• What you will do
Output, exactly as written, the lines below from the one that has "Read Kobato (en) Manga Online" through the one that has "[Tagame Gengoroh] Choukyoushi"; nothing else, and no pictures.

• Records for processing
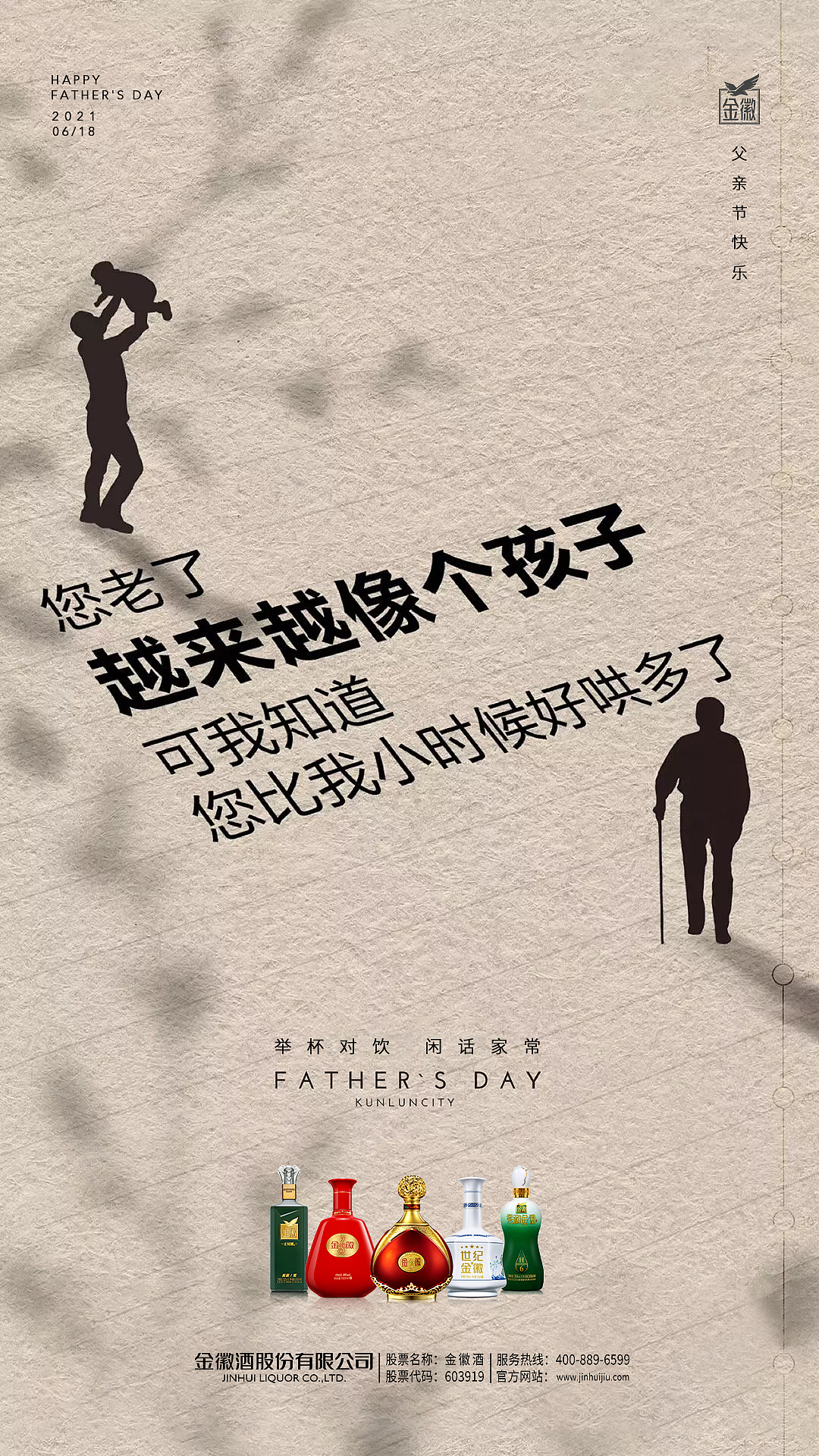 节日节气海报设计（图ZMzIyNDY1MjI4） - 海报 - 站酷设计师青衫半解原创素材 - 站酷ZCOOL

==

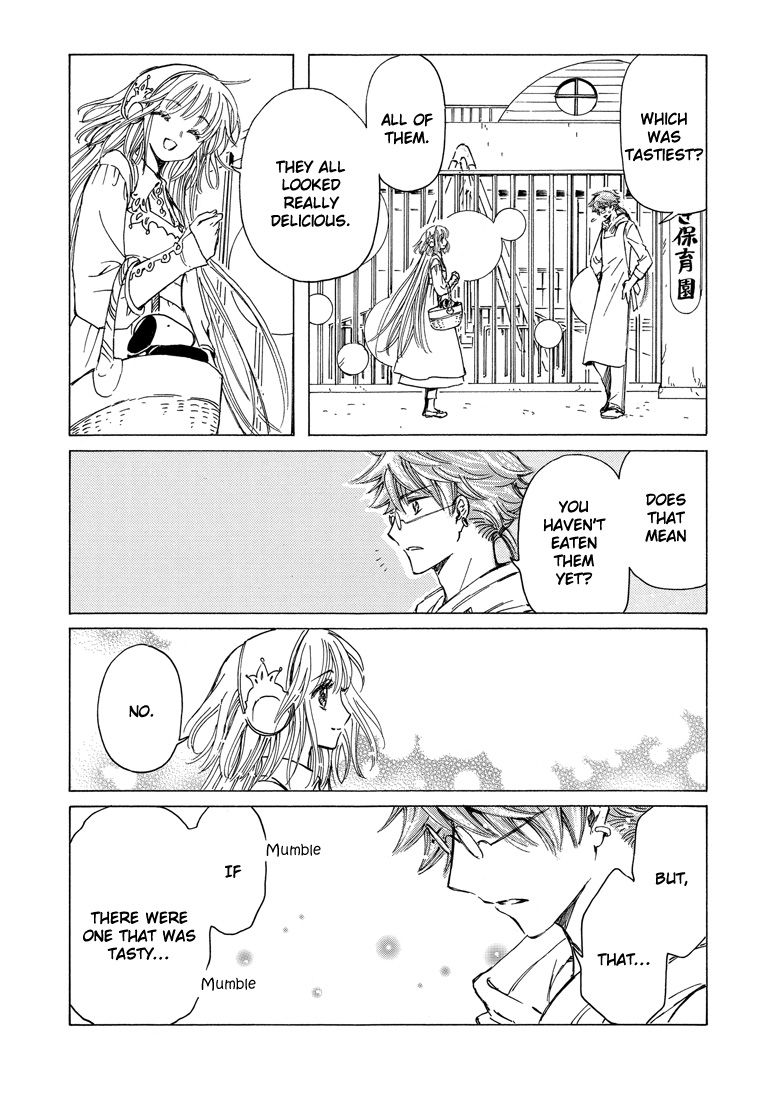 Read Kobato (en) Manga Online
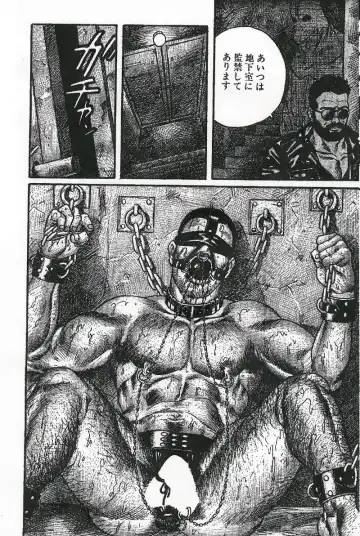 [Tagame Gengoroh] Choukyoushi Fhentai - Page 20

...

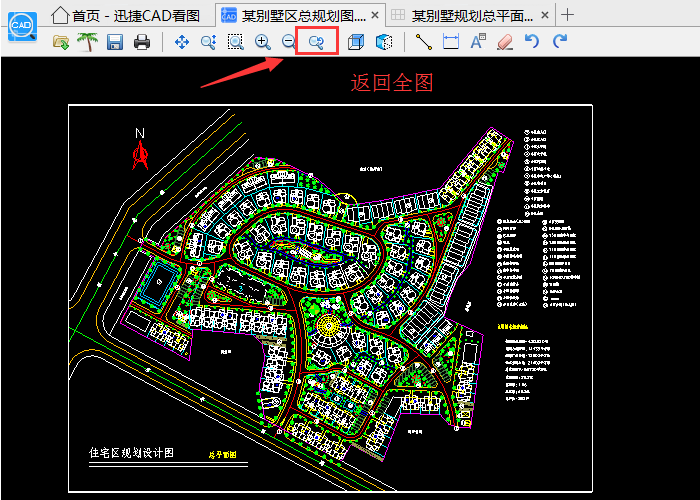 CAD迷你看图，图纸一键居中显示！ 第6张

• Task solution
 Read Kobato (en) Manga Online
 [Tagame Gengoroh] Choukyoushi Fhentai - Page 20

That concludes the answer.